Un vent léger caressa les herbes folles et les eaux sombres. Il souffla sur l’absence et la complétude nouvellement née et tous les oiseaux des berges s’envolèrent dans un même fracas de plumes et de cris.

Le Nil avait de nouveau balayé l’absence, la vie reprit ses droits sur chaque parcelle de notre terre. A l’exacte place où s’étaient tenues l’absence et la complétude, le serpent qui avait mordu la jeune fille brilla une seconde encore sous la lune flamboyante, puis se changea en réplique parfaite de la vie interrompue.

Le jeune corps endormi émergea lentement, la même couronne d’or au front, les mêmes cheveux longs et tressés reposant sur les épaules rondes et dorées ; les mêmes bijoux marquant sa gorge et ses poignets, la même étoffe transparente épousant ses contours comme un parfum.
De nouveau l’air soulevait cette poitrine soyeuse, courbait les cils de ce regard clair. De nouveau le sang chaud parcourait ce corps aux frontières de l’enfance, pour lui réapprendre à sentir, à entendre, à voir, à refermer la main pour saisir l’eau et surtout à l’ouvrir pour la laisser s’écouler et mieux la comprendre. De nouveau le courant parcourait ses cuisses, rétractant la peau de ce sexe d’enfant qui demain serait celui d’un homme.
L’homme-enfant qui regagnait la berge, découvrait avec enchantement ce que l’enfant-femme qu’il avait été avait appris à nommer. Sur la terre ferme il dénoua le voile tissé par ses pères, abandonna les bijoux forgés et sertis par les siens. Il s’empara de trois lotus dont il noua les longues tiges pour s’en ceindre la tête. Alors que les premiers rayons du soleil dardaient leurs lames, il décolla de l’onde une feuille lourde et charnue qui, une fois séchée, devint aussi légère qu’un nuage.

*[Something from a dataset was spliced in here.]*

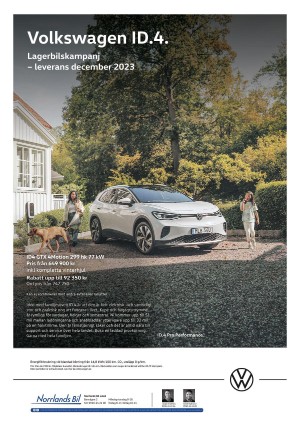 norrbottenskuriren-20231216_000_00_00_003.pdf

Le formidable fracas de la nuit assombrit cette fois-ci le jour. Il surgissait de toutes parts des oiseaux toujours plus nombreux qui, au lieu de fuir, venaient ici envelopper tout l’espace de leurs ondulations. Dans un tourbillon le jeune homme semblait flotter au dessus du sol. Les yeux écarquillés et la bouche béante, son cri se confondant avec ceux des volatiles.

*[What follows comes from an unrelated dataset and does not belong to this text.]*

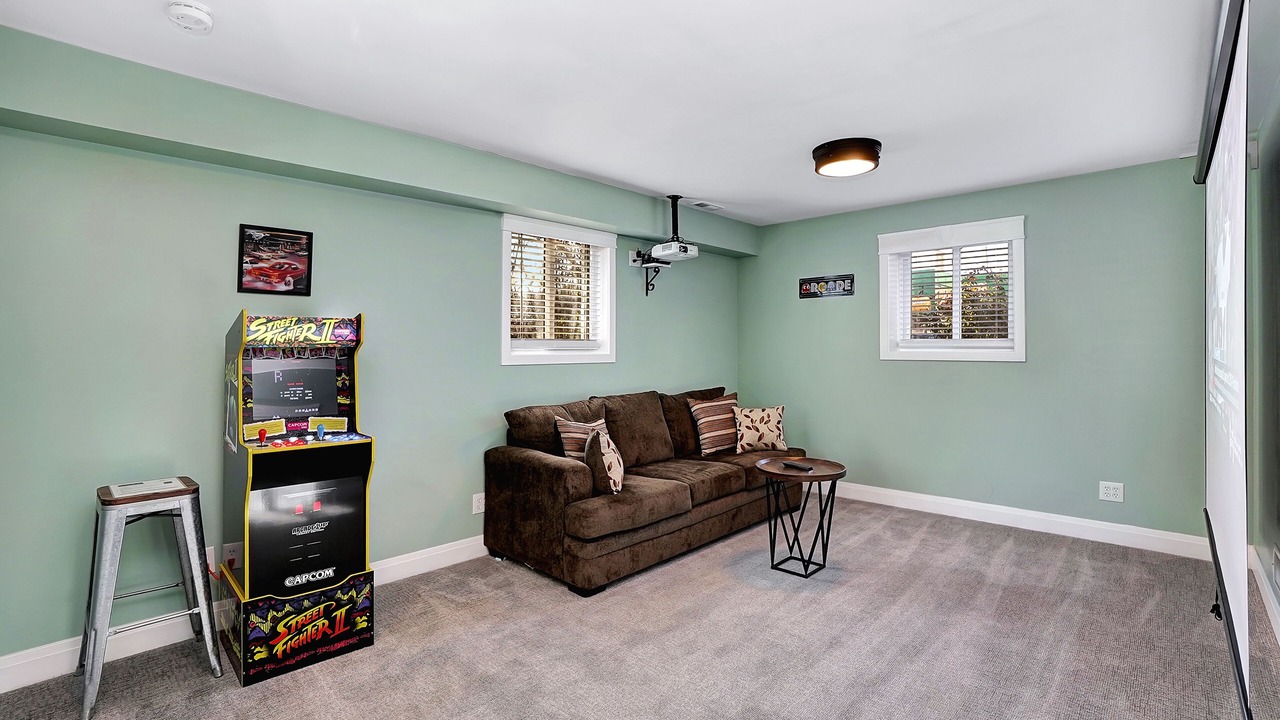 Photo of Others in Downers Grove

Son sexe neuf barrait son ventre dans l’éclatant soleil qui dévorait le ciel. Les muscles de son corps entier étaient bandés à rompre l’architecture fragile de son squelette. Il ramena à grand’ peine la feuille qu’il serrait dans son poing pour s’en couvrir à la fois la poitrine et le ventre. A ce contact, le nénuphar baigné de sueur reprit toute sa vigueur et se mit a gainer l’entière surface de ce corps jeune.
De sa main libre il frôla l’aile d’une aigrette. Dès cet instant, de la pointe de ses doigts à l’extrémité de ses orteils, un fin duvet se développa pour se changer en longues plumes immaculées. Une membrane mi-animale, mi-végétale vint unir les membres inférieurs aux membres supérieurs. De l’intérieur des épaules se mit à croître un entrelacs complexe d’os et de tendons qui vinrent soutenir chaque pli et contre pli de ces ailes chimériques.

La formidable nuée avait pris place sur chaque roseau, chaque branche, brindille ou banc de sable, et s’était tu devant l’étrange congénère. En pleine lumière, sans la moindre peine, les ailes immenses avaient entamé leur mélopée, sans heurt.
Le plus infime mouvement produisait un murmure, le plus petit battement un mot, le moindre repli une parole, le premier déferlement une phrase. De leur enchaînement, naquit un chant, puis une histoire qui devint une légende.

L’hommage au monde dura tout le règne du dieu soleil.

Le Nil avait retrouvé son calme. La lune flamboyante avait chassé les étoiles pour distiller ses poisons et ses charmes. Seuls les grillons et les grenouilles avaient repris leurs chants.

Au milieu des roseaux couchés, dans un berceau de pétales et de plumes l’enfant était endormi, immobile et paisible. Sa respiration claire soulevait sa poitrine, son corps nu frissonnait dans la brise odorante. L’eau tiède de la surface exhalait une légère brume, les berges, encore, diffusaient leur chaleur.
L’enfant recroquevillé rêvait aux dieux, à ce qu’il s’inventerait pour mieux guider sa route, il rêvait aux jours et aux nuits à découvrir encore, allongé sur ce coin de la terre, une main sur son cœur et l’autre sur son sexe en creux.

Frédérick Y M GAY, pour l’Atelier À pas d’Anges.